WHEN the Department of Child Safety passed Anne's* personal information on to her ex-partner while he was in jail, she immediately feared her for life.
The Ipswich mother said, second to the day police handcuffed her and child safety officers took her children away, realising that her jailed former partner could track her down on his release was the worst moment of her life.
"I was in a relationship for 13 years. I had two children and I loved him. I honestly believed it would change and it didn't," she said.
"There was a lot of domestic violence ... so police charged him and he got eight months for that and got released. During that eight months child safety gave him my personal information.
"Upon release he was allowed visits straightaway and still today he is legally allowed to be in my children's lives through child safety, who would come and pick the kids up.
"They would take them to see him."
Anne says the "human error" made by Springfield's child safety office meant her former partner knew she had moved into public housing, knew her parent's address and had transcripts of private conversations she had with her children while they were in the department's care.
"I got a letter in the mail stating it was a human error," she said.
"I found a private rental and because all of my information was released I was told I had two days to move.

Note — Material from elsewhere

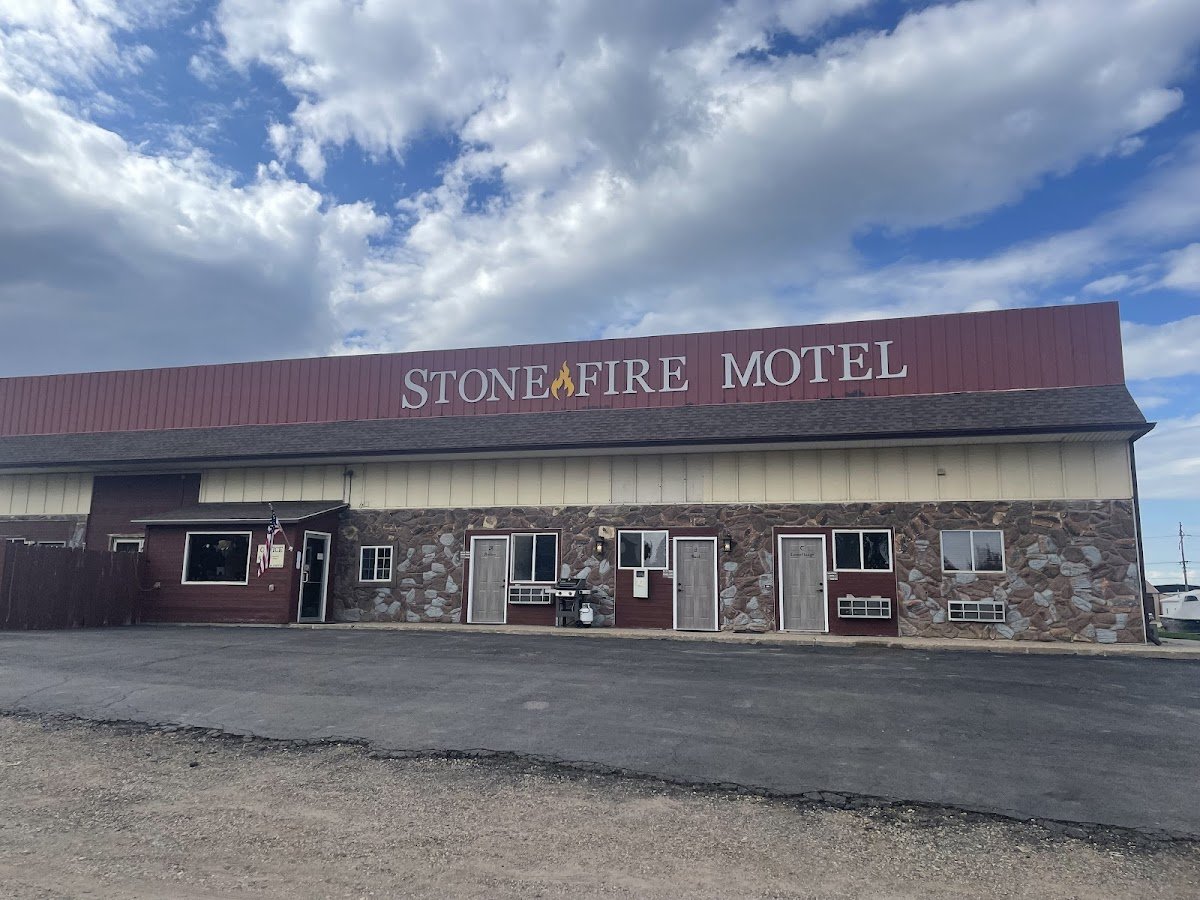 Stonefire Motel & Lodge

To compensate the fact they had given my information out they got me into department housing and paid for the removalist - that's it.
"I was going to be found there because (my former partner) was born and raised in Ipswich. He knew where I was going to be.
"This has had a flow-on effect on everything in my life. Since I am in department housing I am struggling to get rental approval."
While they could not comment on any specific clients or families, the Department of Communities, Child Safety and Disability Service admitted they had made a mistake.
"In March 2015, confidential information contained in court documentation was passed on to a parent," a spokesperson said.
"The department takes all complaints very seriously and works with clients to resolve complaints and make any necessary improvements to our practice.
"The department has apologised to this client and worked with the client to ensure the safety of family members involved. (It) has also counselled staff involved and improved screening processes for court documents to ensure this does not happen again."
Even after Anne left her violent relationship, her former partner continued to track her down before he was imprisoned.
After she left him Anne said her ex continued to stalk her, break into her home, drove through her garage door, broke windows and in that, in the end, she realised she couldn't keep her or her children safe.
"He would come around and basically terrorise us," she said.
"When I reached out for help I went to my son's school and said there was still quite a bit of domestic violence at home.
"Instead of suggesting we go to a refuge they stepped in and asked if I could keep the kids safe and I had to tell them, no, I couldn't.
"An officer at the school had made a complaint to child services on my behalf and I wanted them to. I just didn't think it would go the way that it did."
Anne's children were both less than six years old when they were taken away.
"They handcuffed me in my home, took the children, I didn't get to say goodbye and it was only a couple days later I got to see them," she said.
"They were put into a home in which I can only say they were abused. They had multiple bruises and my daughter's hair was actually moving from the nits. The house was a squalor and the carer was unfit.
"They got moved to another carer and she and her husband are beautiful people.
"The kids are home now. I don't know how many other women or men child safety have done something like this to and all they can do is sit there and say, 'I'm sorry'.
"This experience has taken something from me that I'll never get back. That part of me is dead.
"You try to move on and how can you when you keep getting dragged down by people who should be there to help you."
Anne says the support she received has been inadequate and the only 'apology' she was given was in a letter in January last year, which she felt was not genuine.
"It doesn't matter the amount of money the government keeps throwing at child safety - and it seems to be a very big political issue at the moment - if officers aren't trained properly," she said.
"The officer who made the mistake had a trainee and blamed it all on her. That poor trainee was never seen again.
"The officer then told me she got a promotion and child safety later said she could not be questioned on anything.
"It's really not good enough. I hope my story helps other people speak out."
*Not her real name. Anne's identity has been concealed for her protection.
The Queensland Times questioned the department about the following issues but were told a response could not be provided. We asked:
- How the mishandling of information occurred.
- How the person whose information was mishandled was compensated and/or where a formal apology was sent.
- Whether there have been similar complaints which have come out of the Springfield child safety office and whether human errors of the same nature are a problem for the department.
- The QT asked whether the specific child safety officer who handled the case where information was passed onto a parent was terminated and/or retrained.